_THE TASK_
Write every line below out again exactly, images omitted.

_DATA SEGMENT_
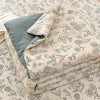 A stack of light beige fabric with a black floral pattern, likely a quilt or bedding, is shown on a surface.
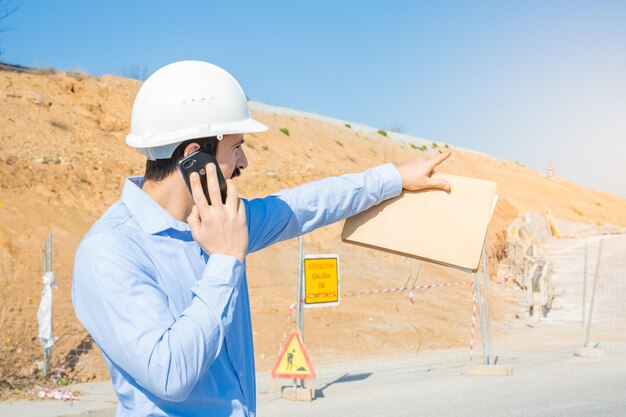 Uomo della costruzione con casco bianco che lavora con il telefono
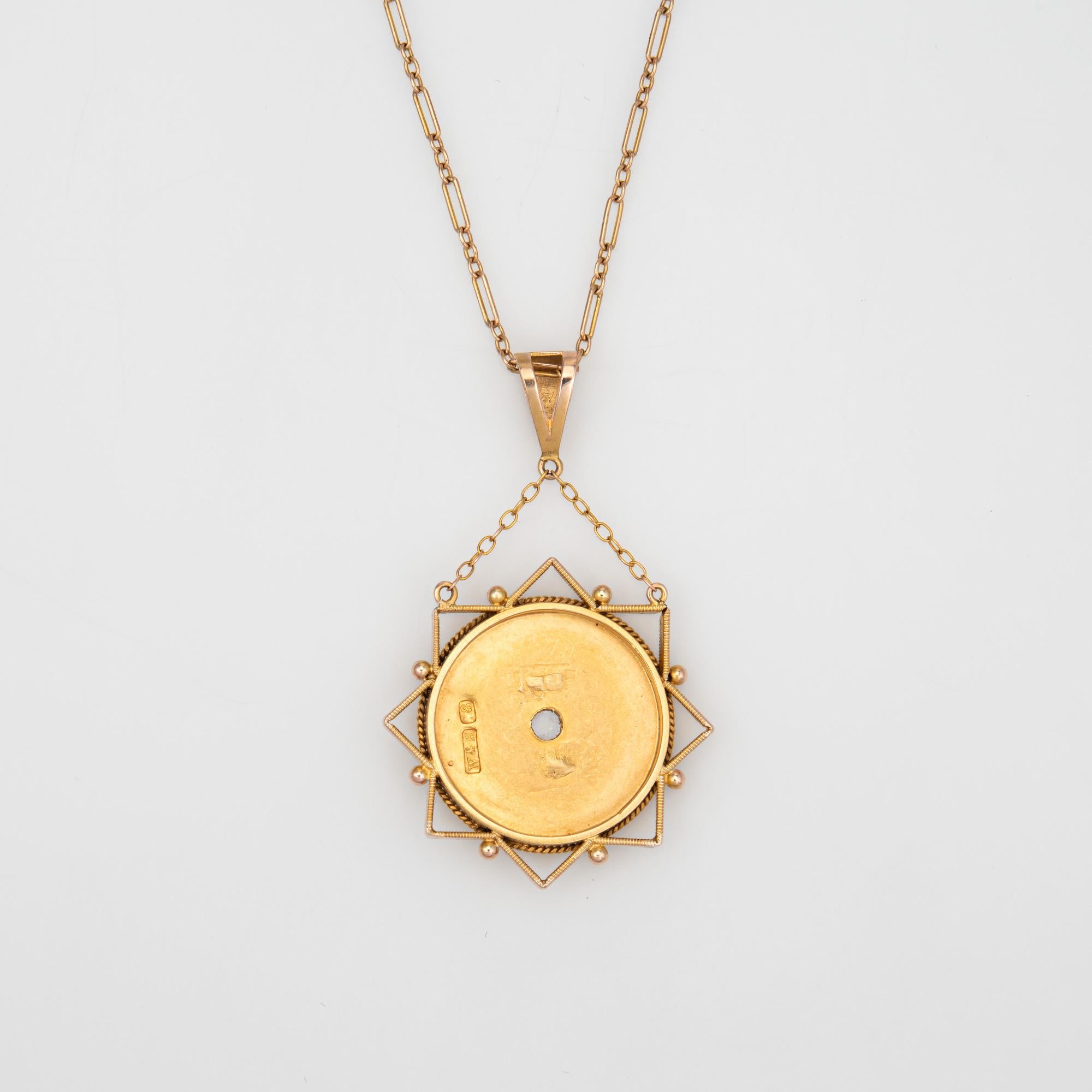 Finely detailed antique Victorian diamond star necklace (circa 1880s to 1900s), crafted in 18 karat yellow gold (pendant) and 10k yellow gold (chain). 

One estimated 0.05 carat old rose cut diamond is set to the center (estimated at J-K color and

_TASK OUTPUT_
 A stack of light beige fabric with a black floral pattern, likely a quilt or bedding, is shown on a surface.
 Uomo della costruzione con casco bianco che lavora con il telefono
 Finely detailed antique Victorian diamond star necklace (circa 1880s to 1900s), crafted in 18 karat yellow gold (pendant) and 10k yellow gold (chain). 

One estimated 0.05 carat old rose cut diamond is set to the center (estimated at J-K color and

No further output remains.